Foscote consultant’s ambulance fundraising for India
In November one of the Foscote Hospital’s consultant anaesthetists, Dr Robbie Kerry, will be travelling to the south of India to provide ten days of free clinics for villagers in the deprived areas on the Tamil Nadu-Karnataka border area. He is aiming to raise £6,000 to enable them to set up a community ambulance for some of the poorest villages in the region.
Dr Kerry first visited India in 1997 and, in 2000, established a charity, Nehemiah Ministries, together with his colleague, Jayakumar, to promote social justice and to support those living in poverty and provide them with education opportunities.
For the past five years Dr Kerry has been running clinics for some of the poorest and remotest communities in India where people often die from minor illnesses simply because they don’t have access to a doctor and healthcare, providing this service at his own expense during his annual leave.
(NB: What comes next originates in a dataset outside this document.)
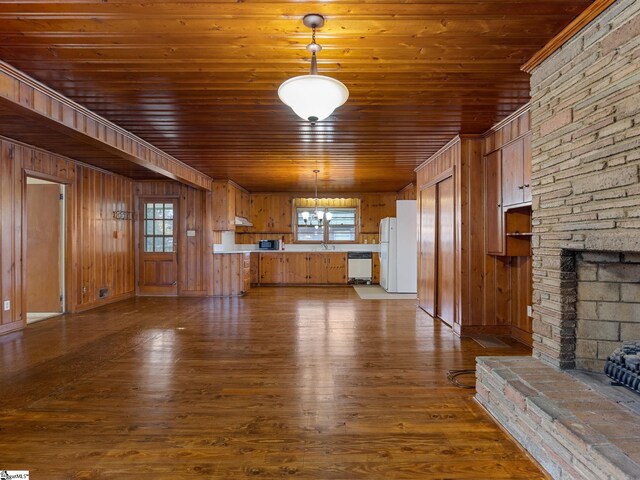 unfurnished living room featuring wooden ceiling, a stone fireplace, dark hardwood / wood-style flooring, wood walls, and a chandelier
In a single day at a clinic he might see over 100 patients.
Dr Kerry said: “I have seen patients presenting with all sorts of conditions, including uncontrolled diabetes, mystery fevers as well as cases of cancers. Therefore, the lack of ambulances is a major issue that can reduce the effectiveness of my intervention as often the closest hospital is more than ten miles away.”
Often his patients are from the Dalit caste who are considered to be ‘untouchable’ within their own communities, resulting in them suffering severe discrimination and persecution. “Providing basic medical care is secondary to the main impact our visits have, which is to show that their lives matter, we value them, and they are certainly not ‘untouchable’”, said Dr Kerry.